Raj Rajaratnam is going to jail for 11 years. But his lawyers’ tough defense helped the judge get it about right. The Galleon Group founder’s prison term may still seem excessive to those who think insider-trading penalties are overdone. But there was no shortcut deal, and the court process was thorough. That gives Rajaratnam’s sentence unusual credibility.

On Wednesday, Congress held sentencing-related hearings headlined “Uncertain Justice.” That sums up a system that gave American International Group fraudsters from one to four years in jail for causing more than $500 million in losses while sticking a $40 million Ponzi-scheming schmo behind bars for 25 years. The law can make white-collar sentences unpredictable when it doesn’t tell judges how to distinguish between big-time bad guys and relatively minor miscreants.

 

Rubbery rules allow judges’ idiosyncrasies to come into play, often producing sentences that vary widely. That could have happened in two recent insider-trading cases. In one, the judge, known for toughness, said a defendant should pay dearly for not admitting guilt early on. In the other, a famously independent judge scoffed at that notion.

But in both cases, the involvement of top lawyers in public trials helped avoid sentences that were out of whack. Rajaratnam’s case was the highest-profile of all the recent insider-trading proceedings, with intense wrangling over sentencing factors like his health, his charitable activities, his fraud’s size and whether insider trading should bring more jail time than murder. The judge cited Rajaratnam’s diabetes and charitable works to reduce his prison term.

That kind of debate doesn’t occur often, even in white-collar cases.

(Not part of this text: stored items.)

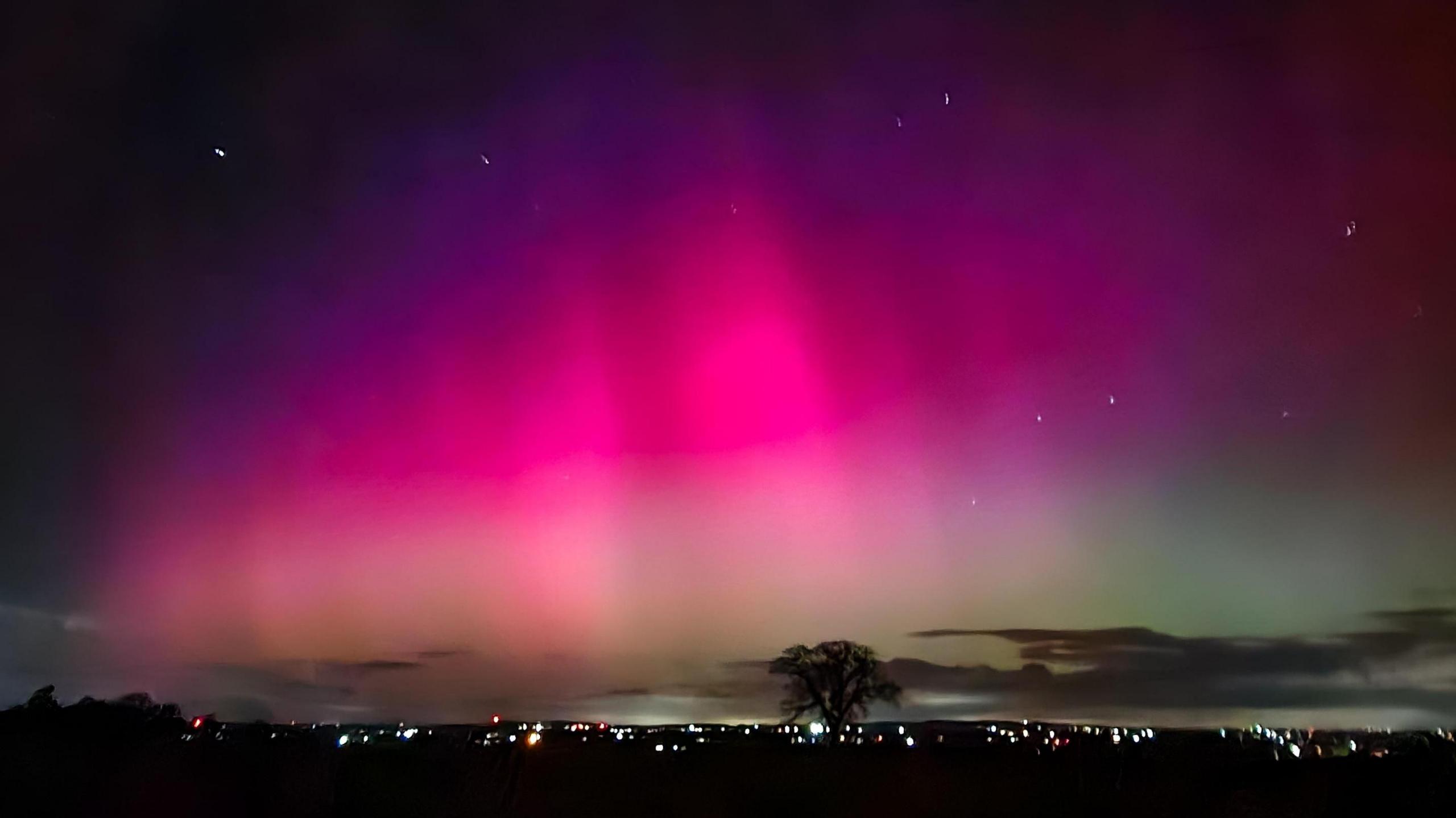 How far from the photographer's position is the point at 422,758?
2405 cm

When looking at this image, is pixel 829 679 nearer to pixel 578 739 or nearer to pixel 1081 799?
pixel 578 739

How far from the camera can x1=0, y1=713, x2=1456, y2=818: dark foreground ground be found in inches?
762

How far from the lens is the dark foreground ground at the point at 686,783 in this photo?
19.4m

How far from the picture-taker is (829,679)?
1903 inches

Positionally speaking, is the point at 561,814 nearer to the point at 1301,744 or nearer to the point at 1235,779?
the point at 1235,779

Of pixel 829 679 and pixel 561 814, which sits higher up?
pixel 829 679

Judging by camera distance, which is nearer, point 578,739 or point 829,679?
point 578,739

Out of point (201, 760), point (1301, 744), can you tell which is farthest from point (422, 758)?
point (1301, 744)

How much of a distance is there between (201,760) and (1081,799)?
1666cm

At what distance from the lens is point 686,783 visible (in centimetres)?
2275

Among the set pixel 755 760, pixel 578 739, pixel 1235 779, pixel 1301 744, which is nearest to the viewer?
pixel 1235 779

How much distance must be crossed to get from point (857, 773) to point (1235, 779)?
6.83m

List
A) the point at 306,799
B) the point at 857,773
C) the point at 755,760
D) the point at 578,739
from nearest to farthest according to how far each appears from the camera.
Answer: the point at 306,799 < the point at 857,773 < the point at 755,760 < the point at 578,739

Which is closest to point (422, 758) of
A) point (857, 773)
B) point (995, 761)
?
point (857, 773) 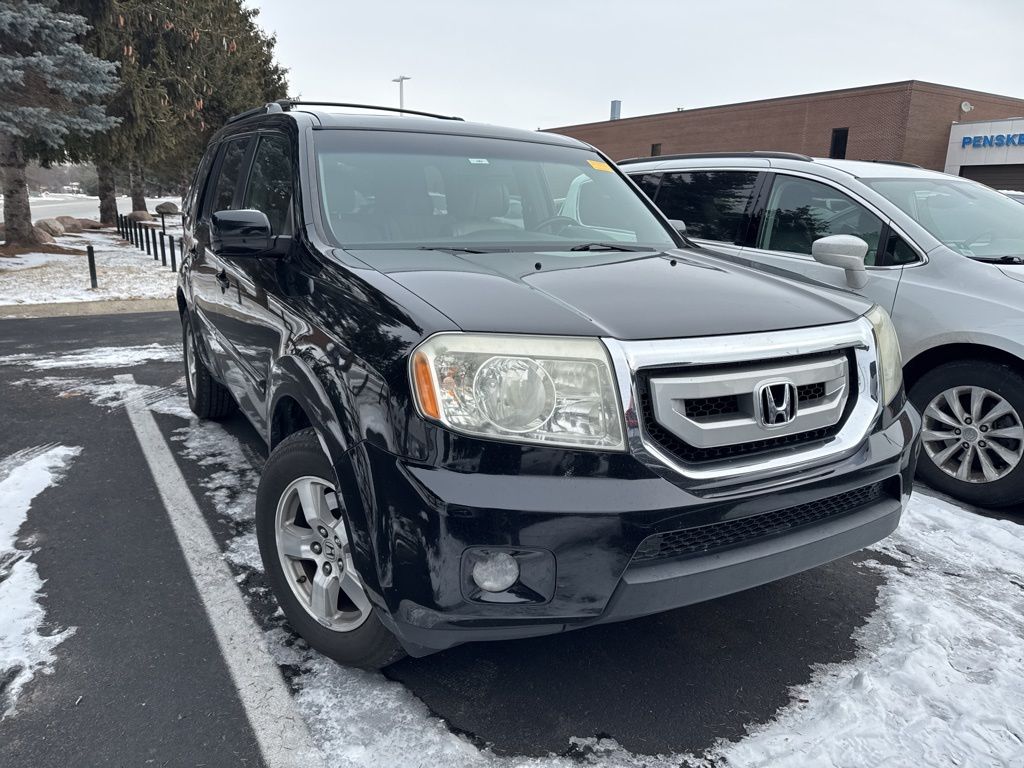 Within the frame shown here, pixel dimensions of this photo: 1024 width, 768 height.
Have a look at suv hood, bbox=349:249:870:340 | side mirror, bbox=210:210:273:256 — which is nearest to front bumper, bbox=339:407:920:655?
suv hood, bbox=349:249:870:340

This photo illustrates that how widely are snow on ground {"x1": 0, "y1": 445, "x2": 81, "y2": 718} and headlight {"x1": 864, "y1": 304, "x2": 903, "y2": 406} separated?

There’s a premium on speed and cost that leads to plea bargains and corner-cutting. What’s relevant to a sentence rarely gets aired, and defendants can feel cheated.

Legal experts still don’t know much about how best to deter crime. But there’s powerful evidence that people are more likely to follow the law when they believe it will give them a fair hearing. That happened in Rajaratnam’s case. It was costly for him, as well as for the government, to see the process through to the end - and he still lost. Prosecutors, though, wanted to send him down for far longer. The outcome looks fair - thanks to both sides’ full engagement in the legal fight.